兎が二匹 「兎が二匹」(全2巻/新潮社)→試し読み


 普段は中高生の淡い初恋ものや、酸いも甘いも経験したアラサーの落ち着いた恋愛ものを好んで読んでいることもあって、「永遠にすれ違う純愛物語」「永遠に探し求める純愛物語」と銘打つ本作のストーリーは、いつものマンガ体験では味わってこなかった心のすき間にグサグサと入り込んできました。

 どれくらいグサグサ刺さったのかと言うと、完結巻を読んでから1カ月たっても、折に触れて本作の「あのラストシーン」が脳裏によみがえってしまい、本棚から出してはしまってをエンドレスで繰り返すほど。ここ最近読んだマンガの中では、トップクラスに切なく重い余韻を抱えた作品なので、ぜひぜひ読んでほしい一作です。



不老不死のすず、すずを殺し続けるサク

 ある夏の日、部屋の中で「お願い、死なないで」と泣きながら、女の首をギリ、ギリと絞め続ける青年が1人。しかしその涙もむなしく、首の骨が折れる鈍い音とともに、女は鼻血を流したまま動かなくなってしまう……はずが、すぐに息を吹き返します。

「今日も死にぞこないじゃー」

 女の名は稲葉すず(398歳)。日課は自殺をすること。そして、生き返ったすずに大喜びで抱き付く男は「サク」こと、宇佐見咲朗(19歳)。日課はすずの自殺ほう助。

 別れたくなければ毎日自分を殺すこと――。「不老不死」という体質のせいで400年生き続け、常に自らの死を願い続けるすずと、毎日彼女を殺し続けるという条件を受け入れ、いろいろなやり方で殺害を試みるサクの奇妙な同棲生活が送られています。

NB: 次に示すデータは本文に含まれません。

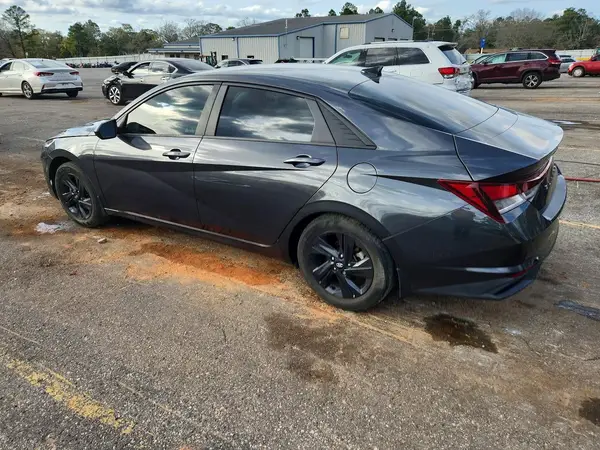 5NPLM4AG0NH068068 2022 HYUNDAI ELANTRA - Image 2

兎が二匹 サクの日課はすずを殺すこと。しかしどうやっても彼女は生き返ってしまう(1巻19ページ)

 2人の出会いは、ある土砂降りの日、すずが空腹で道に倒れていた幼いサクを見つけたころにまでさかのぼります。不老不死のため他人との関わりを避けてきた彼女ですが、いろいろな事情が重なり、両親に捨てられたサクを引き取って育てることに。しかし、サクが成長するにつれて芽生えたすずへの恋心により、疑似親子として始まった2人の生活に変化が訪れます。

 長く、長く生き続ける中で、死ねない化け物である自分に絶望し、他人と距離を置き続けてきたすず。400年もの間、大切な人たちの死をただ傍観することしかできなかった、そしてこれからも傍観していくしかない彼女にとって、サクの気持ちは、それがひたむきでまっすぐなだけに余計につらく感じられます。

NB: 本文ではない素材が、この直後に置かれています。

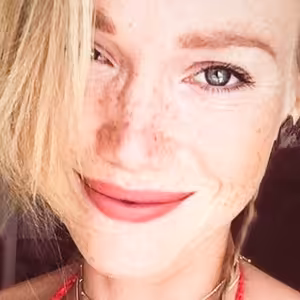 Dominika Morávková-Zeleníková nás baví v seriáli Autoškola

 幸せであることが怖い、そして怖さに襲われると、「一瞬だけ楽になれるから」と、衝動的に自分の首や腹に刃物を突き立ててしまう彼女が、サクの想いを素直に受け入れることなどできるはずがありません。愛情の欠如と不老不死の孤独――、お互い寂しいはずなのに、その寂しさを埋めることができない矛盾を抱え続けるところに、この物語の哀しさがあります。その挙句、すずが同棲の条件としてサクに突き付けたのが「今日から毎日 うちのこと殺しんさい」なのだから、本当に救われない。

 なぜすずはこれほどまで生きることに罪悪を感じるようになったのか。物語後半では、その苦しみを決定的なものにした過去が語られ、またどんな時も彼女の前ではずっと笑顔だったサクとの関係も、ある意外な結末にたどり着きます。しかし、それが果たして「よかったよかった」であったかどうかは、読んだ人によって感想が真っ二つに分かれるんじゃないでしょうか。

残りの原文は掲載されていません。